Клэр села опять. Она облизала губы. Морщинка между бровями стала еще глубже.

– Ты это говоришь не всерьез…

– Нет, я серьезен. Ты не можешь оставаться здесь. – Он крепко сжал руками колеса своей коляски. – Я больше не хочу, чтобы ты оставалась здесь.

– Но ты… как ты справишься?

Он резко втянул в себя воздух. Ее слова разозлили его, и гнев был хорошим выходом.

– Я – не ребенок! – сказал он. – Мне нужна жена, а не чертова сиделка!

– Не ори! – она отняла одну руку от платка, чтобы нетерпеливо откинуть волосы. – Пожалуйста, не сердись. Я не имела в виду ничего плохого. Я просто… Я не могу бросить тебя. Мне все равно…

– А мне не все равно продолжать жить так, как будто ничего не произошло, в то время как ты хочешь быть с другим.

Она открыла рот, чтобы возразить, но он опять ее прервал.

– Не отрицай этого, Клэр. Ты хочешь его, и я даю тебе разрешение быть с ним вместе.

– Все совсем не так, – защищалась она. – Это совсем не то, что ты думаешь. И никогда не будет. – Ее гнев был силен и в новинку ему. – У меня появился в первый раз друг-мужчина за всю мою взрослую жизнь, а ты его прогнал от меня.

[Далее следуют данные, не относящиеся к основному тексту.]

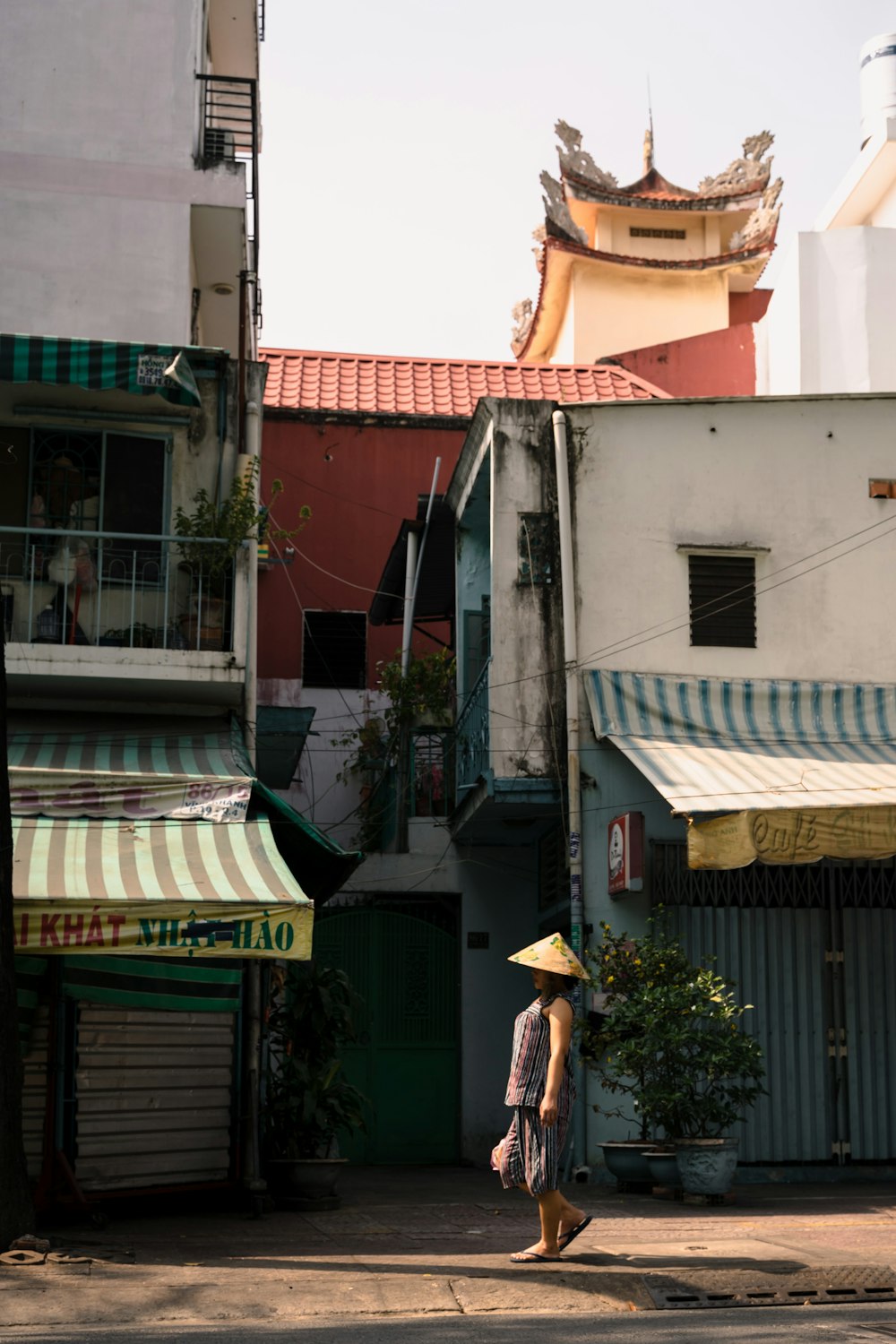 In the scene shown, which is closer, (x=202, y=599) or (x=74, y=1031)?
(x=74, y=1031)

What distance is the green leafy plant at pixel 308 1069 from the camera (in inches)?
470

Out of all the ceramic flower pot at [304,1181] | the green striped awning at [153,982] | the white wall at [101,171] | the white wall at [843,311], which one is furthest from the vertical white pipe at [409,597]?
the white wall at [843,311]

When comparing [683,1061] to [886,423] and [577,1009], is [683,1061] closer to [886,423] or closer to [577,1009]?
[577,1009]

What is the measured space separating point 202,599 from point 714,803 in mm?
4903

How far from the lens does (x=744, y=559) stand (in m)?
15.0

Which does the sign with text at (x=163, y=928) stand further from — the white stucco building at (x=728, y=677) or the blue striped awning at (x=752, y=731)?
the white stucco building at (x=728, y=677)

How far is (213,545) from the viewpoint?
1369cm

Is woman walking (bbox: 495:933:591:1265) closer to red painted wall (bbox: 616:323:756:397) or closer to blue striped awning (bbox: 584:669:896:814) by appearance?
blue striped awning (bbox: 584:669:896:814)

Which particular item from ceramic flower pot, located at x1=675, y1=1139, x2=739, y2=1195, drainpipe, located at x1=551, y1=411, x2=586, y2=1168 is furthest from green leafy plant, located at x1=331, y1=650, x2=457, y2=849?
ceramic flower pot, located at x1=675, y1=1139, x2=739, y2=1195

– Итак, теперь я его тебе возвращаю. – Он начал разворачиваться со своей коляской. – А сейчас мне пора одеваться, чтобы пойти на работу. У тебя есть целый день, чтобы собрать вещи и уйти, но, пожалуйста, уйди к тому времени, как я вернусь домой.

– Что ты хочешь сказать? Почему у меня есть целый день? Мне тоже нужно на работу.

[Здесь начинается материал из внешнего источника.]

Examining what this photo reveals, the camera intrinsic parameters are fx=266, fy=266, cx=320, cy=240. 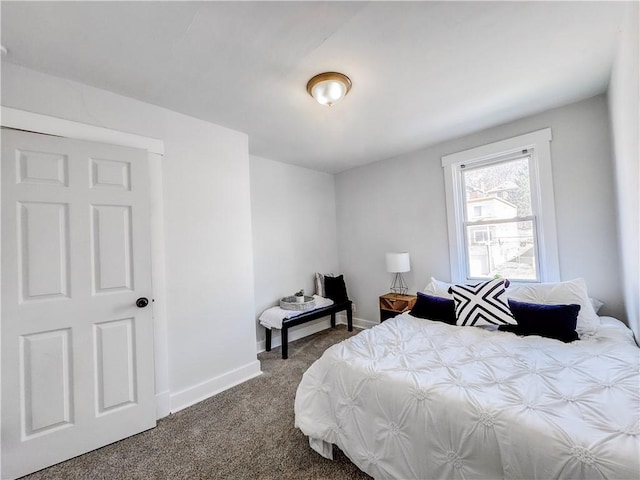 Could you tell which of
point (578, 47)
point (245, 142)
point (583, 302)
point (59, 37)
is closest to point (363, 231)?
point (245, 142)

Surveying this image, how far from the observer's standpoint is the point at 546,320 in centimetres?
196

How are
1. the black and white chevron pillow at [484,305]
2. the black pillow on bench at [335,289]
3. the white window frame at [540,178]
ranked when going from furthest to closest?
the black pillow on bench at [335,289]
the white window frame at [540,178]
the black and white chevron pillow at [484,305]

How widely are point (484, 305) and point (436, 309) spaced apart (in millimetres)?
393

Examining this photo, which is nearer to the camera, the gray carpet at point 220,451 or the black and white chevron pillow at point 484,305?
the gray carpet at point 220,451

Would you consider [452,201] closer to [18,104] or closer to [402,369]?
[402,369]

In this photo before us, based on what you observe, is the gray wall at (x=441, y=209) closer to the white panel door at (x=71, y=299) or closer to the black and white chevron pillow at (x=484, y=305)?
the black and white chevron pillow at (x=484, y=305)

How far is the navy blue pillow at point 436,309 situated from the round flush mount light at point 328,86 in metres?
1.98

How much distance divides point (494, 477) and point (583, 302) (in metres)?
1.76

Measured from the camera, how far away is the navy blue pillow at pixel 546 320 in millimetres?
Result: 1883

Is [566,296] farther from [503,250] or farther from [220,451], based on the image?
[220,451]

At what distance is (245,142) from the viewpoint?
276 cm

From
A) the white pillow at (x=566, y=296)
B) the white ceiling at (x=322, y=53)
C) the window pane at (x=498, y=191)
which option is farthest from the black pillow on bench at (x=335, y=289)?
the white ceiling at (x=322, y=53)

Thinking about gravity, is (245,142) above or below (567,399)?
above

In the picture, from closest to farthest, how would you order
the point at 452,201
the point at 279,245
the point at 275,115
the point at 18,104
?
1. the point at 18,104
2. the point at 275,115
3. the point at 452,201
4. the point at 279,245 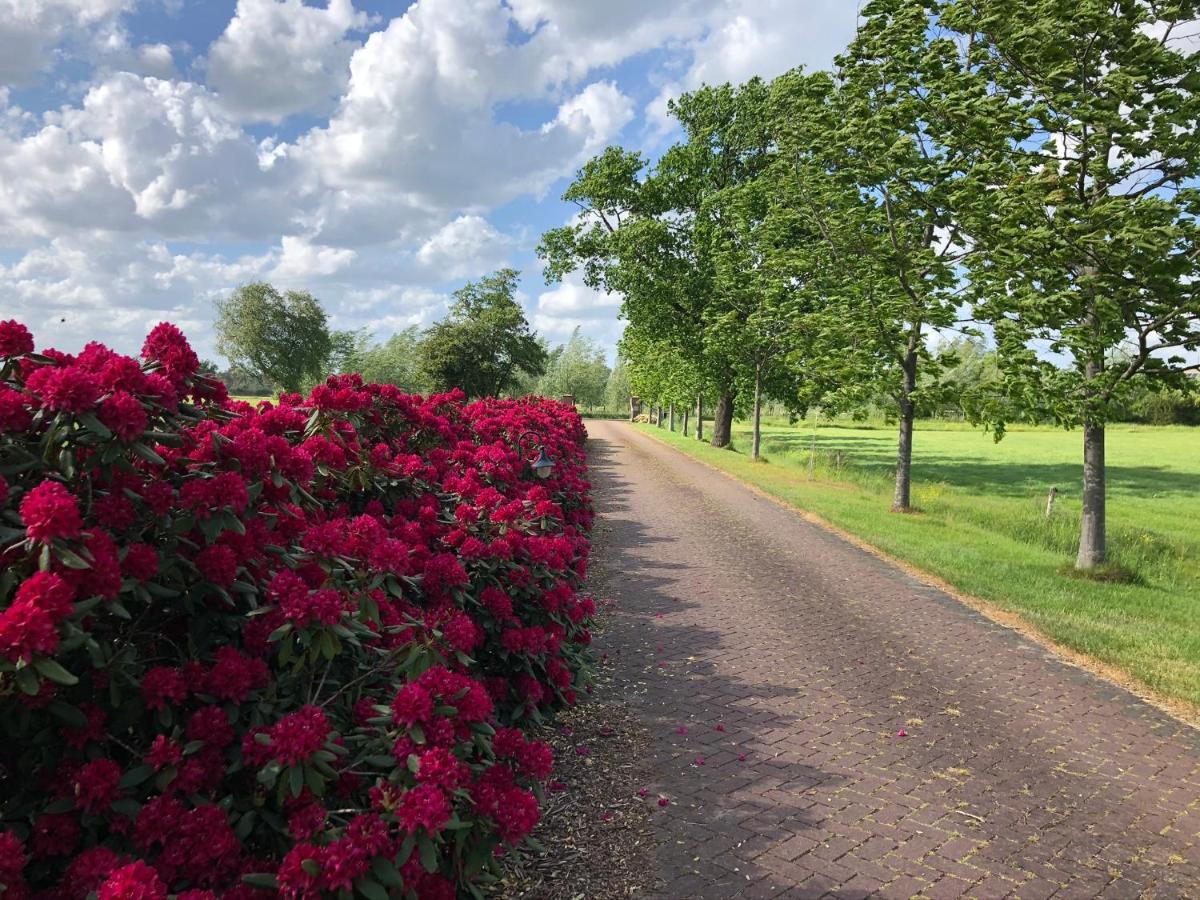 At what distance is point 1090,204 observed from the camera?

– Забудь о работе. Все равно ты там ничего не делаешь. Девяносто пять процентов работы по подготовке к итоговой конференции легло на меня.

Она уставилась в пол. Он понимал, что ей нечего возразить.

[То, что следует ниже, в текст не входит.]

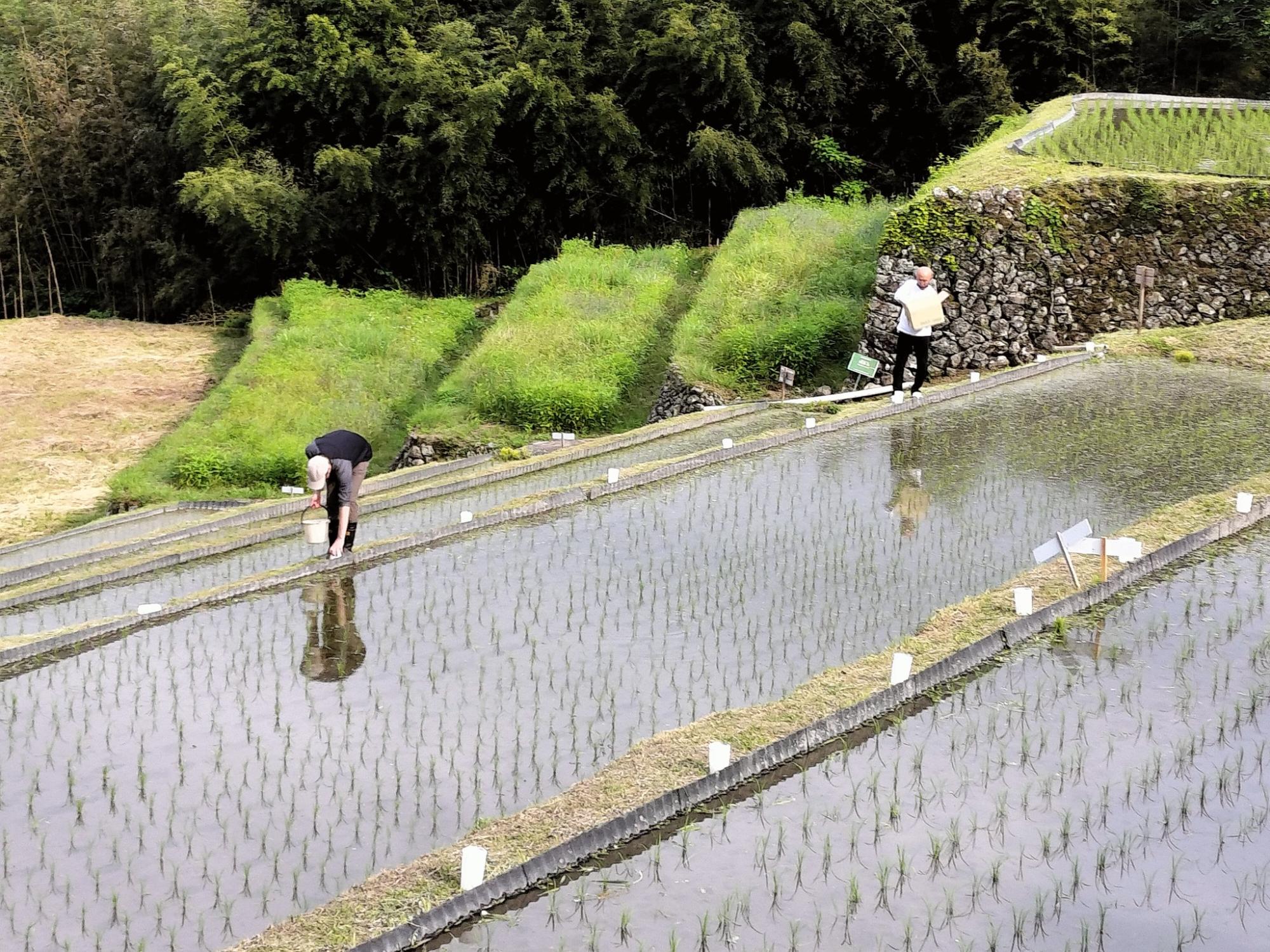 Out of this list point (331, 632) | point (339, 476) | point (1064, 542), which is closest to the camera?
point (1064, 542)

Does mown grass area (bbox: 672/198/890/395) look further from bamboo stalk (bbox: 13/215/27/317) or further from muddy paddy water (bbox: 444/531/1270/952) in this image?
bamboo stalk (bbox: 13/215/27/317)

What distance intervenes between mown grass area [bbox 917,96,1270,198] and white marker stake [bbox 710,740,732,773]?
41.4ft

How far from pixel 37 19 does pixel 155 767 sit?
30.4 m

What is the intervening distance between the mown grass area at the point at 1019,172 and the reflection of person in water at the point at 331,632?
1070cm

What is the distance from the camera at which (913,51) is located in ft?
95.5

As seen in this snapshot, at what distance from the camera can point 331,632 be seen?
880cm

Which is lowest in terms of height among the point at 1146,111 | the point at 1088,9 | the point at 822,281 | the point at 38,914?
the point at 38,914

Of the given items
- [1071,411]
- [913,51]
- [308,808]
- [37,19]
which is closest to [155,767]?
[308,808]

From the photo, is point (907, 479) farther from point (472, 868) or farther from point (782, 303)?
point (782, 303)

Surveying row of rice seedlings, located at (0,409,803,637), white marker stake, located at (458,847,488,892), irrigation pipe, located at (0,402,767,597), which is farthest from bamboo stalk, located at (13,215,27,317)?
white marker stake, located at (458,847,488,892)

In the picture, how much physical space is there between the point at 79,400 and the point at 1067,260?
16.3 metres

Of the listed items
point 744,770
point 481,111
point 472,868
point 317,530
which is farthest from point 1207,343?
point 481,111

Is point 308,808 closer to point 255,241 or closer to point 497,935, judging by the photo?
point 497,935

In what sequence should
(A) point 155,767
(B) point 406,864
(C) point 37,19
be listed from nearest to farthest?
1. (B) point 406,864
2. (A) point 155,767
3. (C) point 37,19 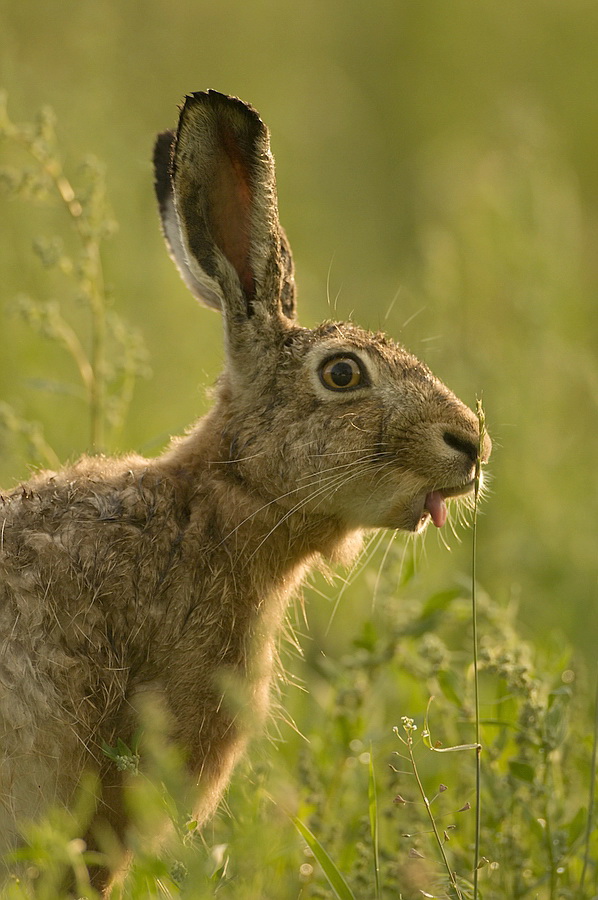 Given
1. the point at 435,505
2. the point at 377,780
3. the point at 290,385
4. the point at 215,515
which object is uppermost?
the point at 290,385

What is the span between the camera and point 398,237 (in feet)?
41.4

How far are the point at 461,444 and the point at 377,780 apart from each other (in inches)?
55.9

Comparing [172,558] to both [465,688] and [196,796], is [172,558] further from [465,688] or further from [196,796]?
[465,688]

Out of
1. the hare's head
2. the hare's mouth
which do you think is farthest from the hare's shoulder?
the hare's mouth

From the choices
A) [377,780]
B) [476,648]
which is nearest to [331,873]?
[476,648]

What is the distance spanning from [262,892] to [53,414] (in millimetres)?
3489

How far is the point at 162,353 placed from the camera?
775cm

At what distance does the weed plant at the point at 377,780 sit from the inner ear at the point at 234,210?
Result: 2.26 ft

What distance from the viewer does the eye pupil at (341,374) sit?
14.4ft

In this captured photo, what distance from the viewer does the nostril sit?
4250 mm

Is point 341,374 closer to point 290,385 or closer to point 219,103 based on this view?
point 290,385

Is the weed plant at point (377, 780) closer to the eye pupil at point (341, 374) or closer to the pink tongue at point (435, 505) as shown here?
the pink tongue at point (435, 505)

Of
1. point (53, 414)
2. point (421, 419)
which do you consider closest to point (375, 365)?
point (421, 419)

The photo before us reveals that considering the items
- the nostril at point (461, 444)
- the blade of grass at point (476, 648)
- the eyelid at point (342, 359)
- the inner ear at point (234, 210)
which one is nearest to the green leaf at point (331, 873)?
the blade of grass at point (476, 648)
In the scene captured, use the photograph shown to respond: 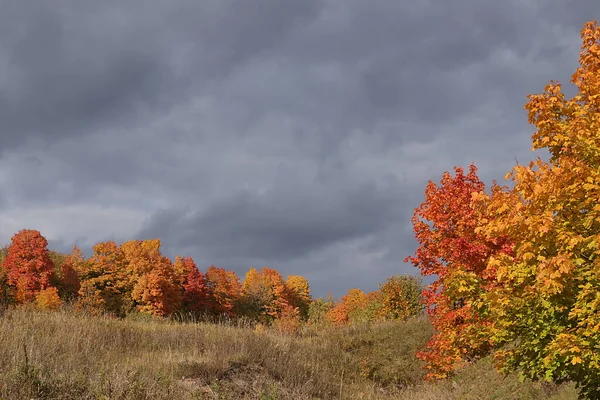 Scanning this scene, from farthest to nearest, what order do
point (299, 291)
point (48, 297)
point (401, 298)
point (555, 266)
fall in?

– Я понимаю, что не могла сосредоточиться хорошо на работе, – сказала она, – но я все-таки хочу пойти и…

– Нет, Клэр, – сказал он, раздражаясь. – Я не хочу тебя видеть, хорошо? Поняла? Я не хочу видеть тебя по утрам, после того, как ты проспишь с Рэнди всю ночь. – Его голос сорвался, и слезы, с которыми он боролся, полились по щекам.

Клэр тут же вскочила на ноги.

– Джон, пожалуйста! – Она схватила его за руку, но он оттолкнул ее. Его пальцы случайно захватили ткань платка, стянув его с ее груди, но он тут же ее выпустил, изо всех сил прижав ладони к своим бедрам.

Она опять села на пятки, натягивая платок на грудь.

– Спать с Рэнди – это не то, чего я хочу. – Тон ее голоса был побежденный и говорила она тихо. Он едва мог ее слышать. – Я только хочу, чтобы мне стало лучше. Я хочу чувствовать себя счастливой, как раньше, такой, как я была.

Ему хотелось, чтобы она стала на него кричать опять. Ее печаль все осложнила, и ему пришлось приложить усилия, чтобы развернуть свою коляску и выехать в спальню.

Уже в спальне он уставился на закрытую дверь и смотрел несколько минут, прежде чем начать одеваться. Безжизненные мускулы его бедер начало сводить, когда он натягивал брюки, и ему не один раз пришлось моргнуть, чтобы прояснилось его поле зрения. Он думал о Клэр, которая осталась в гостиной. Возможно, она звонит Рэнди. А может быть, она плачет, все еще пытаясь выяснить, почему он велел ей уйти. Это был самый тяжелый поступок в его жизни. Тяжелый, и болезненный, и рискованный. Но когда он чистил зубы и причесывал волосы, и рассматривал морщины под глазами в зеркале, то почувствовал растущую уверенность – он поступил правильно.